Applying these ideas in your research

The exercises in this lesson have introduced you to the following ideas:

  • Using chemiscope to visualize trajectories and collective variables.
  • Using dimensionality reduction algorithms
  • Using Path collective variables
  • Clustering trajectories
  • Dealing with indistinguishable atoms

What I would like to do in the follow-up session is to think about how you can use these ideas as you do your research. The first step in using any of these questions is asking a research question that is amenable to answering using one of these methods. In this final exercise, I would like you to think about using these methods in your research. The first step in doing so is asking yourself the question what am I trying to find out? The clearer you make this question, the easier you will find the subsequent research project. With this in mind, here are some examples of terrible research questions:

  • Understanding protein-ligand interactions using machine learning algorithms.
  • Understanding the mechanism via which limescale forms in pipes
  • Understanding protein folding using machine learning.
  • Studying transport through membrane proteins.
  • Understanding the catalytic mechanism of iron in ammonia formation.

These research questions are terrible because the final result that you will obtain has not been specified. It is unclear when the project will be finished, or what success in this project looks like. With this in mind, consider the following alternative questions, which each have a clear goal. Each of the goals below maps on to one of the terrible research questions above:

  • Calculate the free energy change when ligand A binds to protein B.
  • Calculate the free energy change when single calcium and carbonate ions bind to copper surfaces.
  • Calculate the free energy change when protein A transitions to its folded state.
  • Calculate the free energy change as a sodium ion moves through a sodium channel protein.
  • Calculate the free energy change when nitrogen, hydrogen and ammonia gas bind to iron surfaces.

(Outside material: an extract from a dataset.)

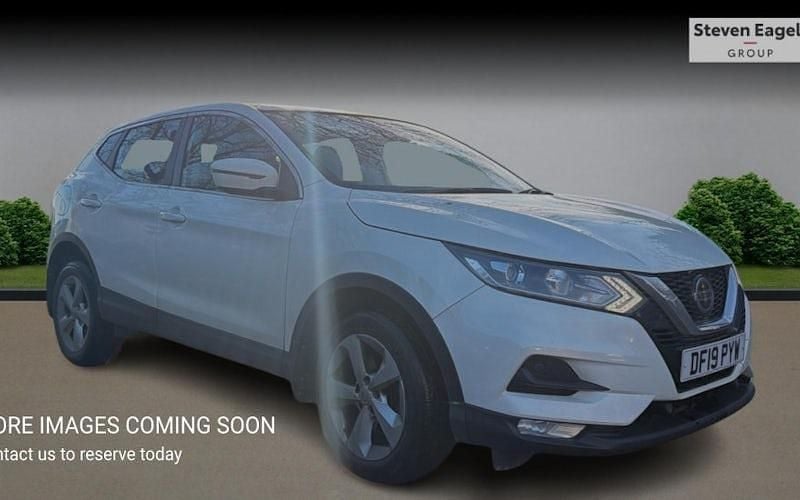 Used Nissan Qashqai Acenta Premium 116 HP (85 kW) 2020 SUV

For each of the questions above, it is clear what success will look like -- you will have a converged estimate of the free energy difference. We have shown you how such estimates can be extracted in previous masterclasses and what it looks like when such calculations go wrong. Answering these research questions is thus simply a matter of applying what you have learned. Notice, also, how for each of the questions above, it is clear what you can do in the first step:

  • Run a parallel tempering metadynamics simulation with the distance between the centres of mass of the protein and the ligand as a CV.
  • Run a metadynamics simulation of a slab of copper in contact with an aqueous solution containing a single calcium ion. Use the z component of the vector connecting the calcium ion and the centre of mass of the copper slab as the CV. Run a metadynamics simulation using the distance from the protein's folded state as the collective variable.
  • Run a metadynamics simulation of the sodium in the channel protein. Use the z position of the sodium relative to the centre of the channel protein as a CVs.
  • Run a metadynamics simulation of a slab of iron in contact with a simulation box that is empty except for one nitrogen molecule. Use the z component of the vector connecting the centre of mass of the nitrogen and the centre of mass of the iron slab as the CV.

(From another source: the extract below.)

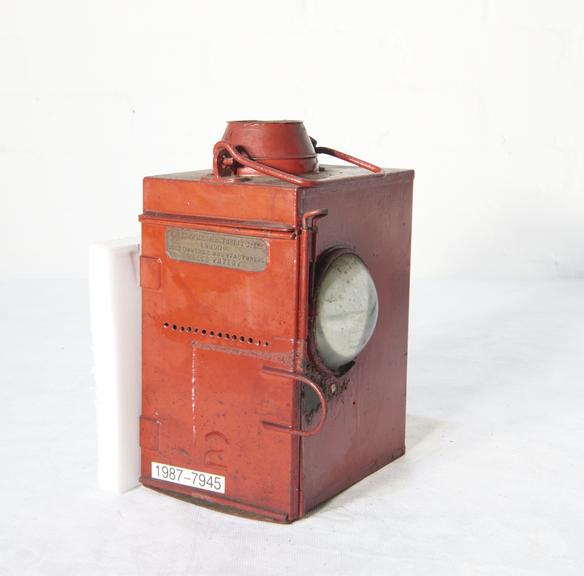 Signal Lamp Interior, North Eastern Railway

These simulations may or may not give you the desired free energy difference. You will at least get some trajectory data from them, however. You can then analyze the trajectories using a machine learning algorithm or similar to refine your approach. This refining stage is where the experience of your supervisor should be invaluable.

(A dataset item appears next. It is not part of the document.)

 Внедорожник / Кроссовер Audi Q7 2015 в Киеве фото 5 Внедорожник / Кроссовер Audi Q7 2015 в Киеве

With all this in mind, think about your research project. Try to develop a research question to work on and an approach that you can use to tackle this question. Your question should not be some grand challenge. It should be something simple that you know how to do. You do not need to run these simulations. I want you to think about the research question to discuss them at the follow-up session. I want you to think about how you can use these methods in your research as if you are not doing so, attending these masterclasses is pointless as you will never really apply these methods.